“Hello, Peleg, old sport!” cried Pepper, gaily, to the driver of the turnout. “How have you been for the past fifty years?”
“Oh, I’m very well, thank you,” responded Peleg Snuggers.
“Heard you had a fortune left to you,” went on Pepper, with a wink at his chums. “Old uncle died and left you half a million.”
“Three-quarters of a million,” put in Andy Snow, scenting fun. “All in gold, too.”
“Isn’t that fine!” said Jack. “Peleg, how about lending me ten or fifteen dollars?”
“I could use a five-spot myself,” added Dale.
“I’d like to borrow about fifty for a new bicycle,” came from Fred Century.
“Don’t be modest about lending us the cash,” went on Pepper. “Just hand it out as if you had always had it.”
“I ain’t had no fortune left to me!” burst out the general utility man, desperately. “Who said I had?”
“Why, everybody knows it, Peleg,” responded Pepper. “Come, don’t be modest about it. Was it really three-quarters of a million?”
“Maybe it was more,” suggested Jack.
“If I were you, Peleg, I’d not carry so much around in my pockets,” said Dale.
“I ain’t had a cent left to me!” shouted the driver of the carryall. “This is some of your jokes, an’ I want you to stop it! Oh, dear, now the school’s opened ag’in I suppose there won’t be no rest fer nobuddy!” And he heaved a mountainous sigh.
“Oh, Peleg! Don’t be angry with me!” murmured Pepper, with a trace of tears in his voice. “If you get angry I’ll die!”
“You behave yourself, Pepper Ditmore, or I won’t drive you to the Hall.”
“Peleg, don’t you want me to drive?” asked Andy, who was on the front seat. “I’m a cracker-jack at driving.”
“Not much! Don’t you tech them hosses!” shouted the general utility man in alarm. “That off hoss is a new one an’ he’s mighty skittish, I can tell you.
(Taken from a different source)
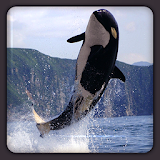 Killer Whale HD Wallpapers icon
This mornin’ when I was hookin’ him up he nigh kicked the leg off o’ me!”
“Say, how are we going to get to the Hall?” came in ugly tones from Reff Ritter. He, with six other boys, was standing beside the carryall.
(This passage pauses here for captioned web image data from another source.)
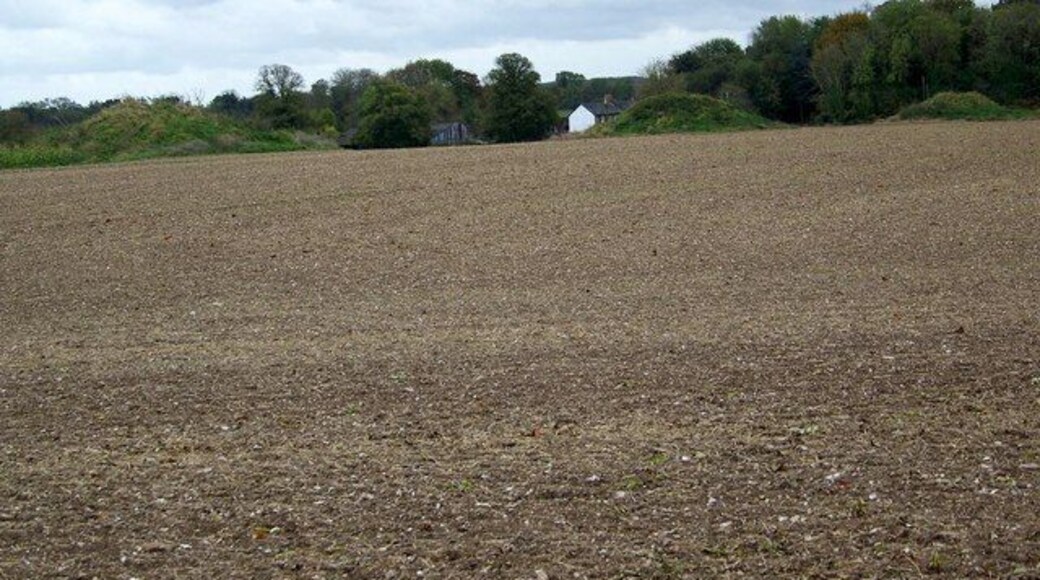 Solomon's Quarter Through the hedge from the footpath can be seen the curious parallel lines of regular grassy hummocks in Solomon's Quarter.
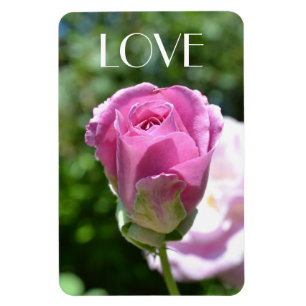 Beautiful Rose Bud Love Magnet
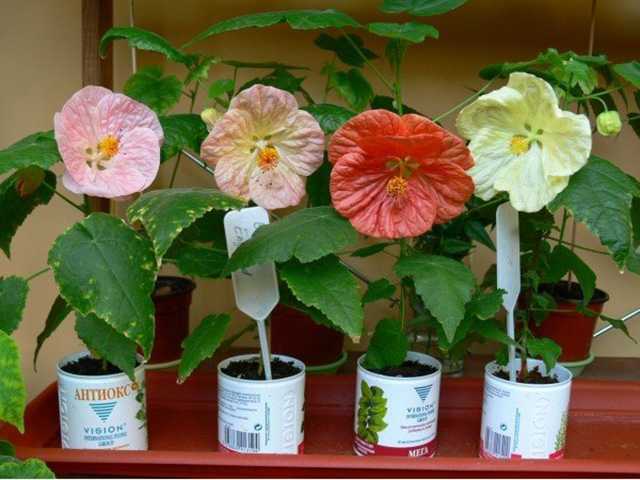 Клен абутилон: как вырастить комнатное растение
“Captain Putnam said he’d send down some carriages,” answered Peleg Snuggers. “There they come now,” and he pointed to the turnouts.
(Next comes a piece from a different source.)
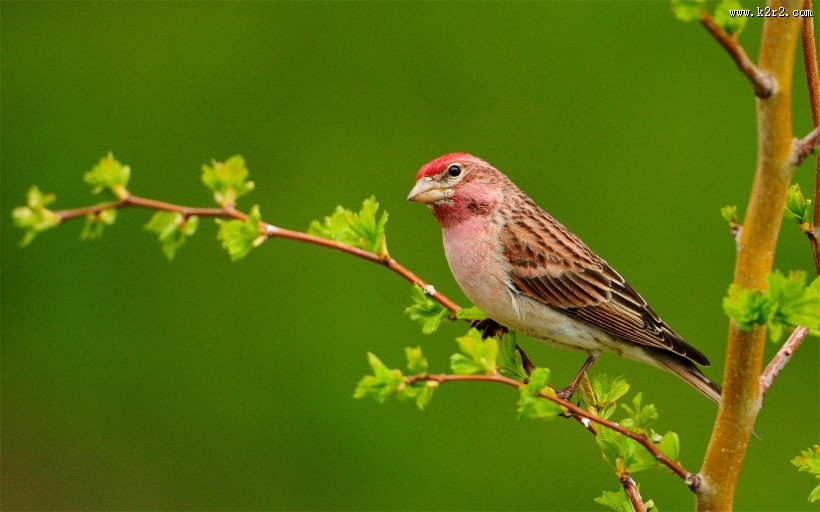 站在树枝上的小鸟图片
“Pshaw! I wanted to go in the carryall,” grumbled Ritter.
“So did I,” added Gus Coulter.
“Well, this is full, so you’ll have to take the carriages,” answered Peleg Snuggers. “Everybody hold fast!” he shouted, as he took up the reins.
“We are off!” shouted Pepper, gaily. “Farewell to Cedarville and ho! for Putnam Hall!”
“Wish I had room, I’d turn a handspring for you,” came from Andy, who was quite an acrobat.
“Now don’t you cut up any monkey-shines,” pleaded the driver of the carryall. “That new hoss won’t stand for ’em.”
“All right, Peleg, I’ll keep as quiet as a lamb without a tail.”